New York Mets ace Max Scherzer transferred his rehabilitation journey from Florida to the Big Apple so he could rejoin the team ahead of Tuesday’s home series opener against the Milwaukee Brewers as he continues his recovery from the oblique strain that’s kept him out of the rotation since May 18. 

As Alex Smith explained for SNY, Scherzer was spotted throwing and running at Citi Field on Tuesday afternoon, and the three-time Cy Young Award winner spoke with reporters to offer an update on his status. 

“Progressing well, but the way to describe this injury and the rehab of this: half the battle is getting back to 90 percent, and then the second half of the battle is from 90 percent to 100 percent,” Scherzer remarked. “With the trainers here, we’ve done a great job of getting back to 90 percent, but I’m still in the fight here to try to get back to 100 percent. We’ve done good work to get to this point, but I still have a lot in front of me.” 

Scherzer emphasized that avoiding an additional setback is “the first and foremost thing on my mind” at this stage of his process. The 37-year-old still needs to throw at least one simulated game before he can begin thinking about completing rehab starts ahead of his return to the big-league rotation. 

“You hope for one, but you never know with these things,” Scherzer added about how many rehab appearances he may need before he can pitch in an MLB game. “I could go out there for a rehab start and feel good and then it tightens up more than I thought it would and then all of a sudden you’re going to need two or three. That’s why I don’t want to fully say it’s going to be one or it’s going to be two.

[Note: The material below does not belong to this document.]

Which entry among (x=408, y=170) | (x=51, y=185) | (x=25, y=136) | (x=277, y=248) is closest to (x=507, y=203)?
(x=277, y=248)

“You’ve literally got to play this day by day.”

Scherzer went 5-1 with a 2.54 ERA in eight starts this spring before the injury. Back on May 19, the Mets said he could remain sidelined for six to eight weeks. 

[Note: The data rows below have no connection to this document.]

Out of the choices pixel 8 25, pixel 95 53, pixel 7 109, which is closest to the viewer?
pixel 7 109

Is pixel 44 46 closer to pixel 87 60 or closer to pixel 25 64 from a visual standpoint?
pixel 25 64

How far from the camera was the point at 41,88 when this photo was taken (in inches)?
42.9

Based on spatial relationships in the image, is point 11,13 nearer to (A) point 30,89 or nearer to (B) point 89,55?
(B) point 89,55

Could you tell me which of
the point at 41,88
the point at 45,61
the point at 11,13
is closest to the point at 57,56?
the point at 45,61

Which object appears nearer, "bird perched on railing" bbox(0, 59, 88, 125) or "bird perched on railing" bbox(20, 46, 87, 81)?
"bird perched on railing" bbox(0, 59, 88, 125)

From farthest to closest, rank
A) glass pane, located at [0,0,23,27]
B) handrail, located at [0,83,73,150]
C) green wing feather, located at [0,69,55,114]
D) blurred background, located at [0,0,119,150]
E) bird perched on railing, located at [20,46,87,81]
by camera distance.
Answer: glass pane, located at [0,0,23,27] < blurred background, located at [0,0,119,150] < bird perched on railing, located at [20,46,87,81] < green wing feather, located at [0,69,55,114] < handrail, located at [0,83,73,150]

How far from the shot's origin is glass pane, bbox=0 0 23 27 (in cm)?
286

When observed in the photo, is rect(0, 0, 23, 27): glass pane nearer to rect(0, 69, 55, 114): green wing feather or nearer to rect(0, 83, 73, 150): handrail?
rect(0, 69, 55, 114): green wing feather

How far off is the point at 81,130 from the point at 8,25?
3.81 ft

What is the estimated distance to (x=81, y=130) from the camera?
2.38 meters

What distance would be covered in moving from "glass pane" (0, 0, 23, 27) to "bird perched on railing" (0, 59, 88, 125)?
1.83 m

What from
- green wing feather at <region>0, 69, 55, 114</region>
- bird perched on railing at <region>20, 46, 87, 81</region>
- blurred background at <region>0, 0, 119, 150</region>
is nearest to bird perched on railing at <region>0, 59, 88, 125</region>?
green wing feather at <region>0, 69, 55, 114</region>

It was also learned on Tuesday that fellow Mets ace Jacob deGrom is scheduled for an “up-and-down” bullpen session on Friday as he continues his recovery from the stress reaction in the scapula of his pitching shoulder that’s prevented him from making his 2022 season debut. Like with Scherzer, it’s unknown when deGrom could face big-league batters this summer. 

Even without having the services of Scherzer and deGrom, the 40-22 Mets began Tuesday in possession of a five-game lead over the second-place Atlanta Braves in the National League East division standings.